KERNEL_TASK_TYPE_DEFAULT(KERNEL_TYPE_MIX_AIC_1_2); // dry kernel type: KERNEL_TYPE_MIX_xxx
TPipe tpipe;
TCubeTiling tilingLocal;
RopeMatrix::CopyTiling(&tilingLocal, tiling);
if ASCEND_IS_AIC {
...
AscendC::CrossCoreSetFlag<0x2, PIPE_FIX>(0x8); // set flag after matmul
}
if ASCEND_IS_AIV {
AscendC::CrossCoreWaitFlag(0x8); // wait matmul outputs
...
}
host tiling can be summary as follows:
split 'S' with vector core num, the last core may run less than other cores.
For example S=28799, vector_core=40: split to 720*39 + 719:
Then cube process 720*2, vector process 720, last vector process 719, last cube process (720+719)
- fit project to torch:
A. design 'torch_interface.cpp':
1) design interface:
Add "m.def("rope_matrix(Tensor x, Tensor y, Tensor sin, Tensor cos) -> Tensor");"
into "TORCH_LIBRARY" function in "npu_ops_transformer_ext/npu_ops_def.cpp"
Then use TORCH_LIBRARY_IMPL to register your function, fuc must have same inputs and output,
speciel operator like '&' should both have or not.

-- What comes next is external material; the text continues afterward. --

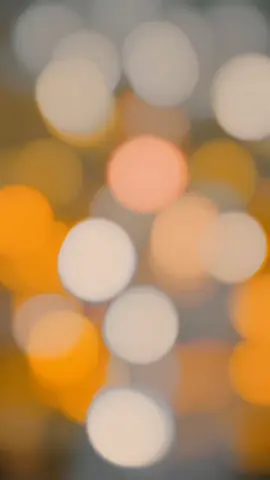 Badsha 👉👑 #foryou #foryoupage #viral #Outdoors 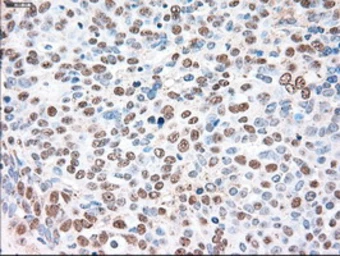 Anti-SIGLEC9 antibody [8F7] used in IHC (Paraffin sections) (IHC-P). GTX83647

// Register Ascend implementations for RopeMatrix
TORCH_LIBRARY_IMPL(npu_ops_transformer_ext, PrivateUse1, m)
{
m.impl("rope_matrix", rope_matrix_npu);
}
// Register Meta Function for RopeMatrix
TORCH_LIBRARY_IMPL(npu_ops_transformer_ext, Meta, m)
{
m.impl("rope_matrix", TORCH_FN(rope_matrix_meta));
}
// then design rope_matrix_npu
at::Tensor rope_matrix_kernel(at::Tensor &x, at::Tensor &y, at::Tensor &sin, at::Tensor &cos)
{
...
auto acl_call = [=]() -> int {
rope_matrix_kernel<bfloat16_t><<<blockDims, nullptr, aclstream>>>(
(GM_ADDR)(x.storage().data()),
(GM_ADDR)(y.storage().data()),
(GM_ADDR)(sin.storage().data()),
(GM_ADDR)(cos.storage().data()),
(GM_ADDR)(output.storage().data()),
(GM_ADDR)(workspaceTensor.storage().data()),
ropeTiling,
mmTilingData);
return 0;
};
}
may be you are confused by acl_call, this is a standard user not need to care.
B. design compile files.
mix-core should be the same as our cmakefile
- How to call
import torch
import torch_npu
import npu_ops_transformer_ext
x = torch.ops.npu_ops_transformer_ext.rope_matrix(x, mat, sin, cos)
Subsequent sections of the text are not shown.